Editorial decisions for this edition
These were open questions in the first draft. They are now locked for the Spring 2026 edition. Subsequent editions can revisit, but a single edition holds these constant.
- Code language: Python only. Earlier course editions juggled Python and R, which made every chapter longer than it needed to be and every example shallower than it could be. The book is Python-only; principles transfer.
- CLI agent: Claude Code, with brief footnotes for alternatives.

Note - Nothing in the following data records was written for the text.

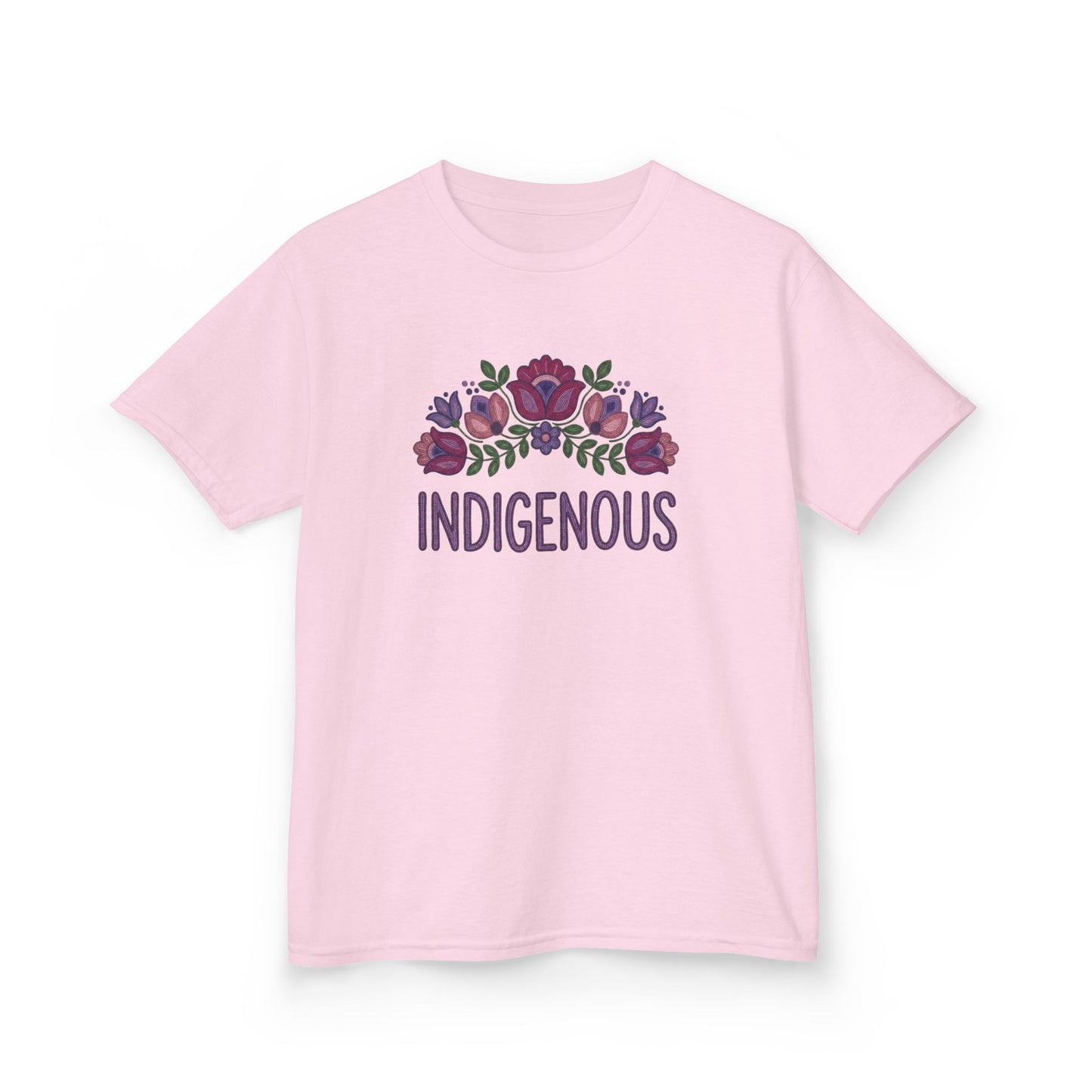 Indigenous Beaded Floral Kids T-Shirt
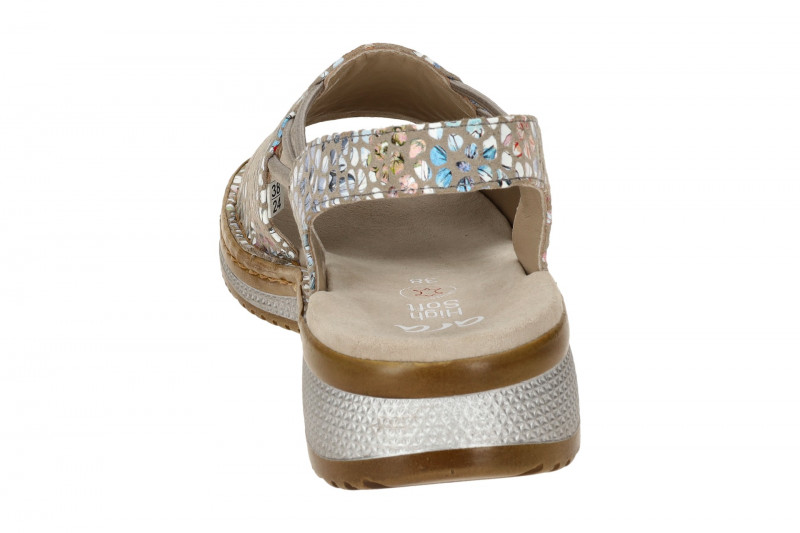 ara Hawaii Sandale grau bunt gefleckt 12-29005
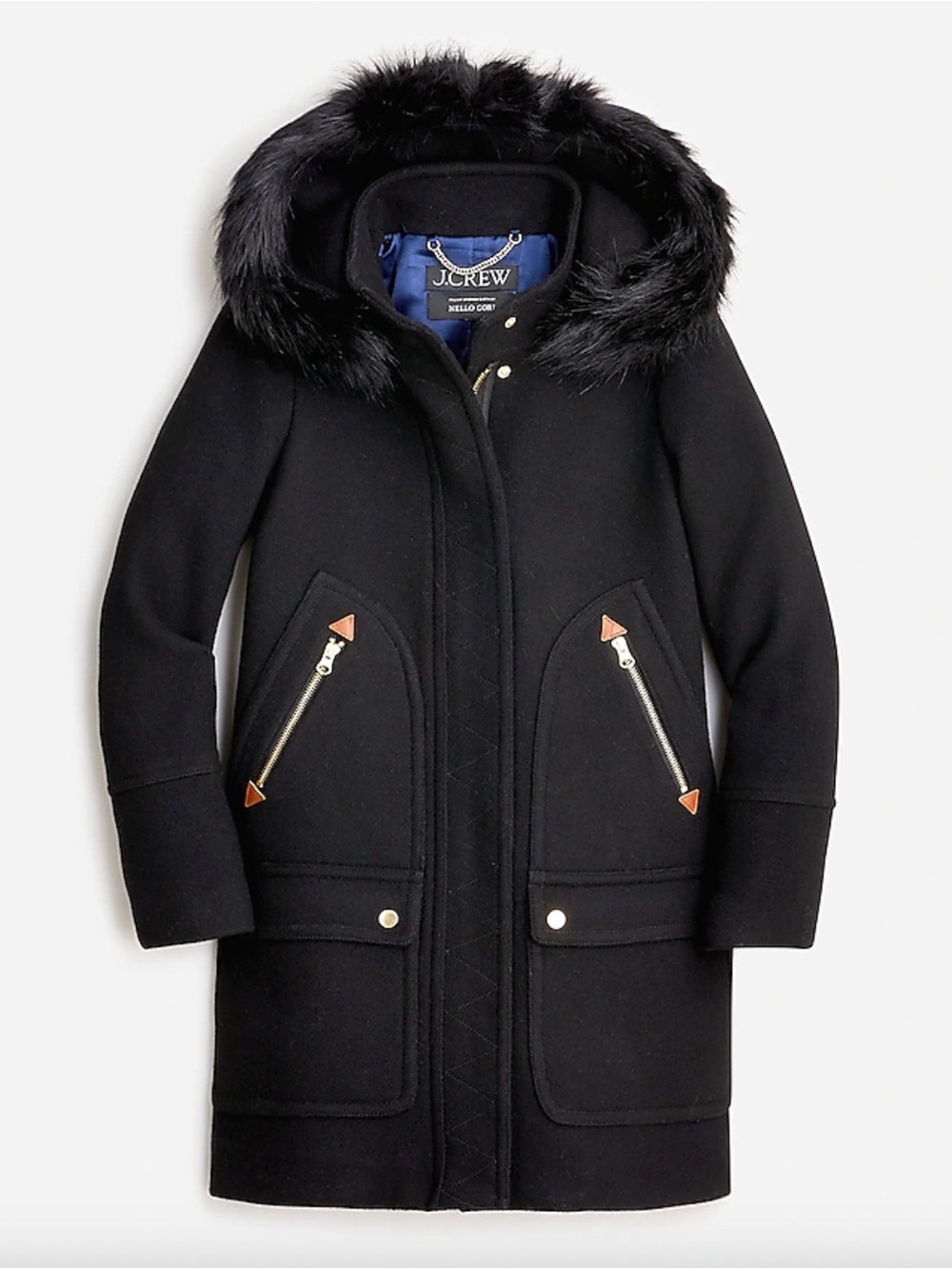 J. Crew Chateau Parka Coat Black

The CLI chapters are written against Claude Code — installation,
CLAUDE.md, skills, headless mode. Cursor / Codex / Aider get one-paragraph mentions where they differ usefully. The principles transfer. - Format: web-first. The book is built and read on the web. A print edition is the print editor’s problem to derive from a frozen snapshot — we do not pre-emptively cripple the web version with print-friendly compromises (no width-limited graphs, hero sections stay, embeds stay).
- Versioning: yearly spring edition. The book is updated once a year, in spring, dated and labelled — e.g. Spring 2026, 26 April 2026. The model snapshot lives in versions.qmd and is the first place to update each year. Inter-edition errata go in the GitHub issue tracker.

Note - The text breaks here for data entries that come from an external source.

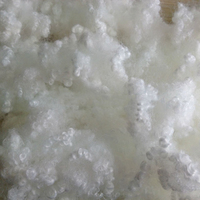 100% poliéster hueco silicio conjugado fibra cortada 3Dx64mm Material de relleno de cojín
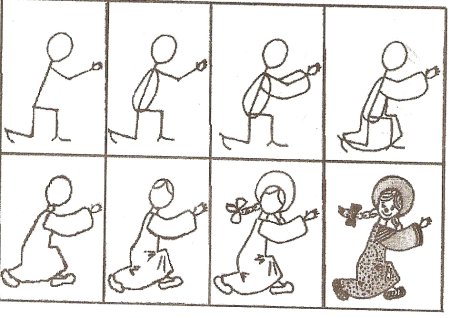 Этапы рисования человека для детей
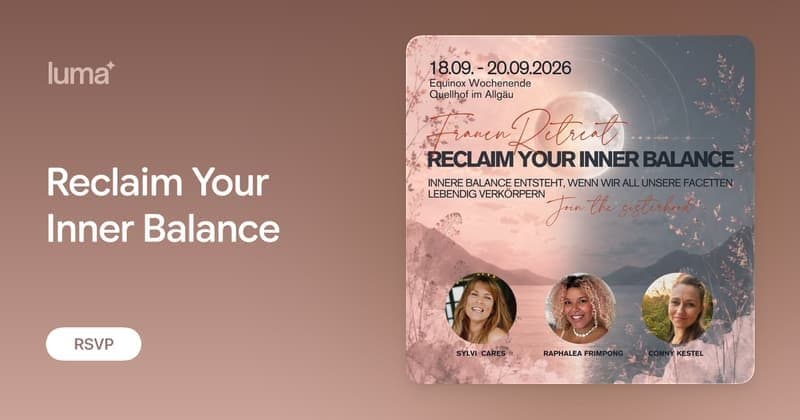 Reclaim your inner balance
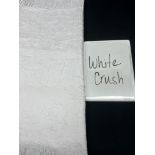 90" Round White Crush Tablecloth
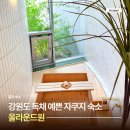 강원도 독채 숙소 올라운드원 오션월드 근처 예쁜 자쿠지 숙소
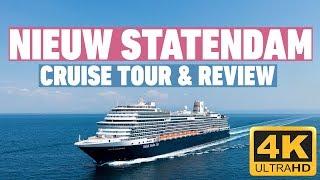 Holland America Nieuw Statendam Cruise Tour and Review in 4K | Holland America Line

- Econometrics review: brief, with a textbook redirect. Parts V and VII brush against DiD, IV, and selection-on-observables. The book covers the workflow — how AI helps, where it bluffs — and assumes the reader knows the method, or is willing to follow the redirect to Békés & Kézdi (2021) for it.
- Chapter length: short. Many short single-idea chapters, not few long bundled ones. As content gets fleshed out, prefer splitting over merging.